YouTube has an AI slop problem, and its crackdown is catching legitimate creators in the crossfire. Faceless channels, where no human host ever appears on screen, have existed for years and are not inherently AI-generated.

Many are run by solo creators who simply prefer to stay anonymous. The problem is that AI tools made it easy to flood the platform with low-effort faceless content at scale, and YouTube’s algorithm is now penalizing the format as a whole.

How bad is the AI slop problem on YouTube?

A Kapwing study found that roughly 21% of the first 500 videos recommended to a new YouTube account were classified as AI slop, while 33% fell into a broader brainrot category.
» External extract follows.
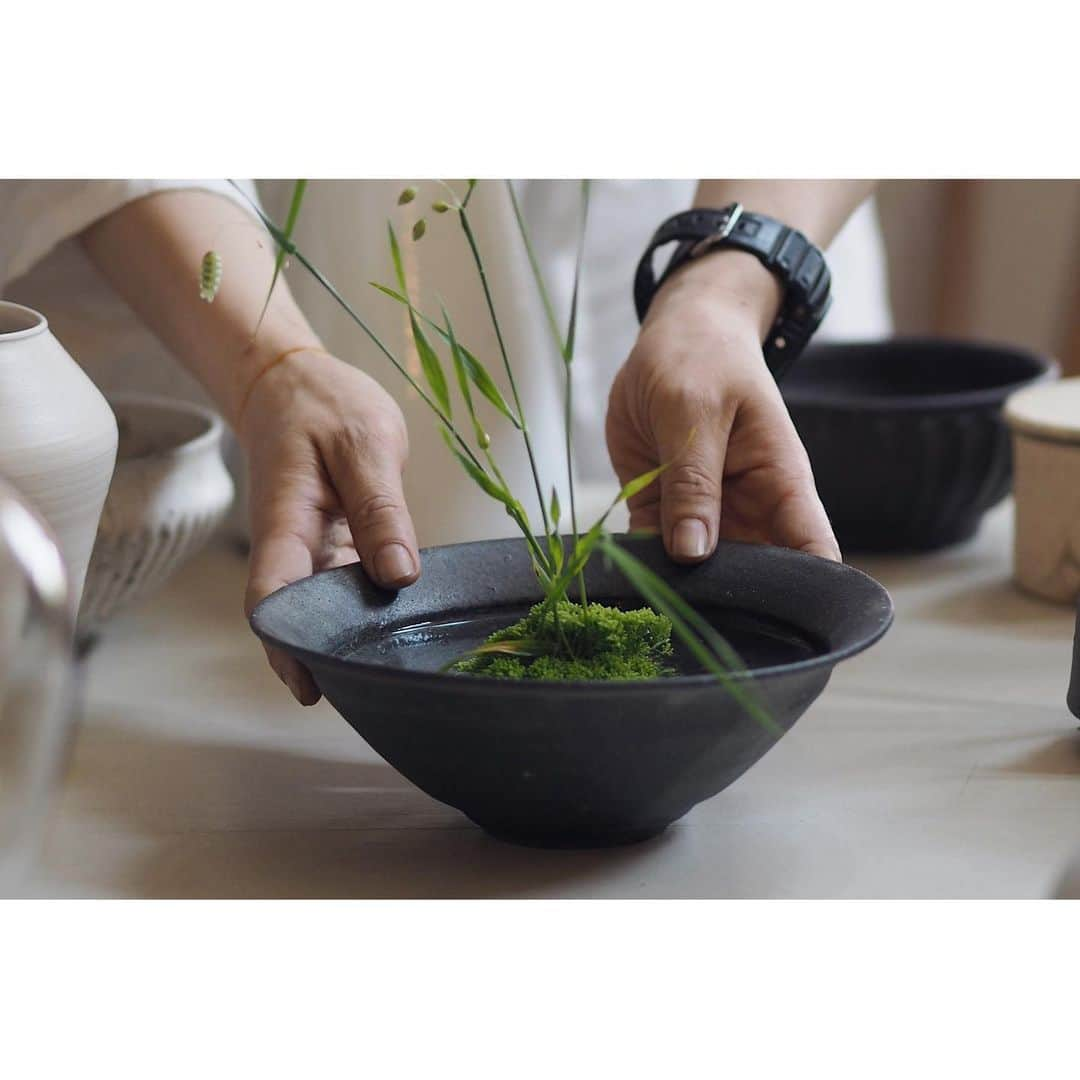 陶屋なづなさんのインスタグラム写真 - (陶屋なづなInstagram)「本日も 花のうつわー穀雨の頃にー　開催中！ 11時から17時までお待ちしております。 昨日、また@kusagoyomi  ゆいこさん お花も挿れかえて下さいましたー✨  写真は昨日開催 @hanatokajitu  月草 はなの会ー穀雨の頃にー  ご参加くださいました皆さまありがとうございました。 ゆいこさんご指導のもと、それぞれのうつわに お花入れステキでしたーーー🌿✨  ご来店下さいました皆様には、 お花とうつわ合わせてご覧くださりありがとうございました。」4月28日 9時07分 - hirohiro0220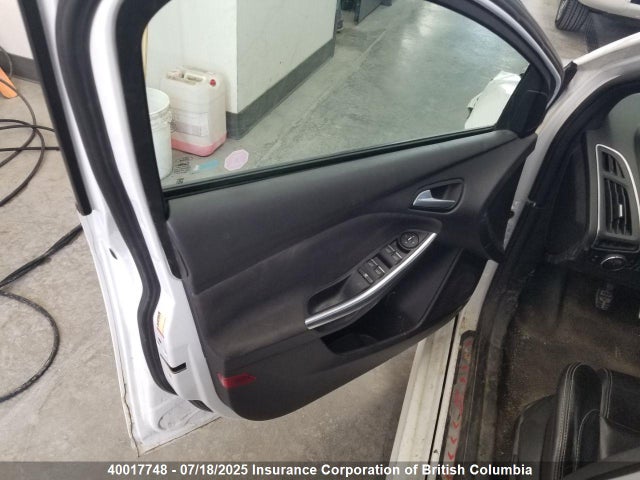 1FADP3L92EL352520 Ford 2014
The problem extends to children, too, as more than 40% of YouTube Shorts recommended to kids in a 15-minute session contained low-quality AI content.

YouTube’s response has been to tweak its algorithm to favor videos with real human faces on camera, which is hitting faceless creators even when their content is entirely human-made.
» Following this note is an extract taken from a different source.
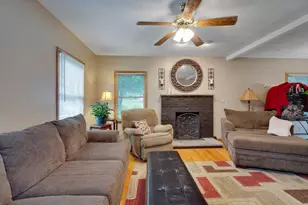 8 Otter Pond Rd, Lynnfield, MA 01940 - Photo 8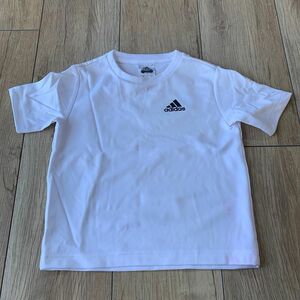 adidas 半袖Tシャツ　120cm ポリエステル100%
How is YouTube tackling its AI slop problem?

YouTube is now testing a new pop-up on mobile that asks viewers to rate whether a video feels like AI slop, on a scale from “not at all” to “extremely.” The idea sounds reasonable, but crowdsourcing AI detection has real problems. People are bad at spotting AI content, and they are getting worse at it as AI capabilities continue to improve.

There are also legitimate concerns that YouTube could use this viewer feedback as training data for its own AI models, potentially making future AI-generated content even harder to spot.
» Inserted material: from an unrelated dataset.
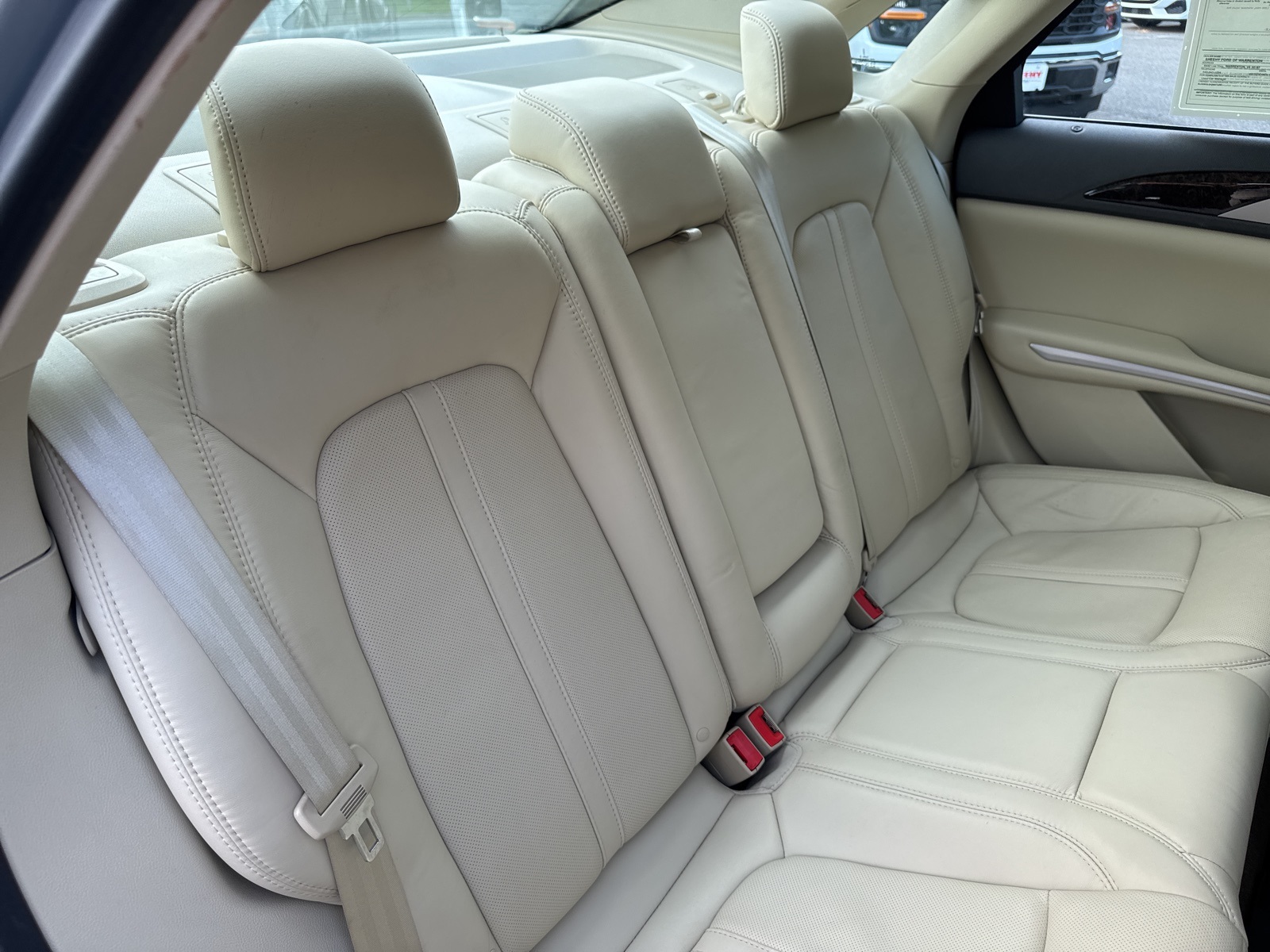 2013 Lincoln MKZ Hybrid photo 14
🚨 Did you just see what YouTube did?

YouTube isn’t banning AI slop.. They’re making you label it so they can train their next model to not look like slop.

Read that again…

You flag the bad AI content. YouTube collects it. Google feeds it into Veo 4… Then next year their… https://t.co/8UC2J3mjjv pic.twitter.com/mIrTChqC1b

— Tuki (@TukiFromKL) March 17, 2026

Meanwhile, faceless creators are scrambling to adapt. According to The Hollywood Reporter, some are hiring cheap on-camera hosts through platforms like Fiverr and Upwork. Others are doubling down on niche educational content, which has held up better than broad content farms.

The AI text-to-video space is still valued at enormous sums, with Higgsfield AI alone sitting at $1 billion, but on YouTube, the math for faceless creators is getting harder to work out every month.